Como o ChatGPT reforça o papel fundamental do professor no processo de ensino-aprendizagem
As Inteligências Artificiais (IA) estão entre nós desde os anos 1950. Ao longo das décadas evoluíram e as Machine Learnings passaram a fazer parte do nosso cotidiano sem sequer percebermos! Quando assistimos a streaming de vídeo, quando pedimos transporte por um aplicativo, quando realizamos operações financeiras com internet banking e quando vemos aparecer no nosso feed da rede social anúncios patrocinados de acordo com nossos interesses momentâneos, estamos vendo a ação de uma Inteligência Artificial do tipo Machine Learning.
Em outras palavras, quanto mais (nós e os outros usuários) interagimos com a ‘máquina’ – o programa, a plataforma, o aplicativo –, mais os algoritmos entendem/aprendem com estes dados e tomam decisões a partir destas evidências. Até mesmo os e-mails que vão, automaticamente, para a caixa de spam são triados por uma Machine Learning.
O avanço mais recente das IA é a chamada Deep Learning, baseada na arquitetura de ‘redes neurais’. Daí que chegamos ao ponto de termos hoje um acesso público direto a vários tipos de Inteligência Artificial (que geram textos, imagens, vídeos, músicas etc.) sem a necessidade de aprendermos uma linguagem de programação específica.
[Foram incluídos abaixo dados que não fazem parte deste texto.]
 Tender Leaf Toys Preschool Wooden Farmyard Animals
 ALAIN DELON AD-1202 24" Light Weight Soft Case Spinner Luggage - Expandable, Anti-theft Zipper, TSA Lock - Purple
Podemos falar com ela, simplesmente, por um chat, em nosso próprio idioma e linguagem correntes. Tal qual já fazemos cotidianamente, via aplicativos de mensagem, atendimentos de empresas nos sites etc.
Daí a difusão desde o início deste ano (2023) de tantas IA. Temos para todos os gostos e finalidades: geração de imagens, de vídeos, de músicas, de textos. Mas, sem dúvida, para a Educação, pelo menos, o grande hype é do ChatGPT, da OpenAI, nascida como instituto sem fins lucrativos para o desenvolvimento de IA e, agora, depois do boom – em 5 dias o ChatGPT atingiu 1 milhão de usuários em todo o mundo – recebeu um aporte multibilionário da Microsoft.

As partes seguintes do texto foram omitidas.